Do lado das despesas, o déficit da Previdência Social ficou R$ 7,506 bilhões superior ao projetado pelo governo, atingindo a marca de R$ 56,698 bilhões. Já a receita líquida total teve queda de R$ 13,777 bilhões em relação ao esperado.

"Houve uma frustração de receita de 1,7% e aumento das despesas de 0,4% na comparação entre o resultado de 2014 e o que estava programado", disse Saintive, referindo-se as estimativas apresentadas no relatório de receitas e despesas, divulgado em novembro pelo Ministério do Planejamento.
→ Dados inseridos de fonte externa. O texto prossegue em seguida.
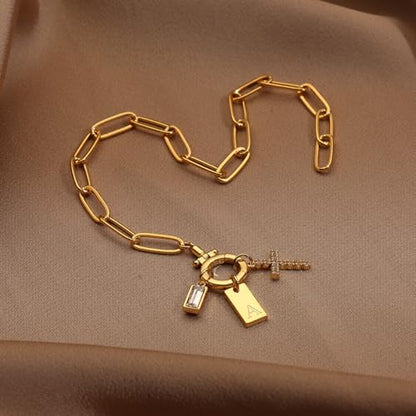 Initial Cross Charm Bracelet, 18K Gold Plated Dainty Paperclip Link Chain Bracelets for Women, Non Tarnish, A-Z Letter Bracelet Personalized Gifts Gold Jewelry for Women - color: Letter-T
O expressivo aumento do estoque de restos a pagar - que passou de R$ 128,684 bilhões em 2011, segundo dados do site Contas Abertas para R$ 226 bilhões em 2015 - incorpora parte das "pedaladas fiscais". Para que o peso dessa conta não prejudique o cumprimento da meta de superávit primário de 1,2% do PIB deste ano, o secretário do Tesouro avisou que nem todo o passivo será pago em 2015 e que as despesas passarão por uma análise. Um grupo de trabalho interministerial foi criado para acompanhar os gastos públicos. "Estamos buscando entender essa despesa e fazer a programação adequada. O importante é dar previsibilidade para esses pagamentos", afirmou.

Questionado sobre o descumprimento da Lei de Responsabilidade Fiscal (LRF) apontado pelo Tribunal de Contas da União (TCU) devido aos bancos públicos financiarem despesas obrigatórias, Saintive disse que a atual administração trabalha "com transparência, tempestividade e cumprimento das regras" e que o assunto vem sendo acompanhado pela Advocacia Geral da União (AGU).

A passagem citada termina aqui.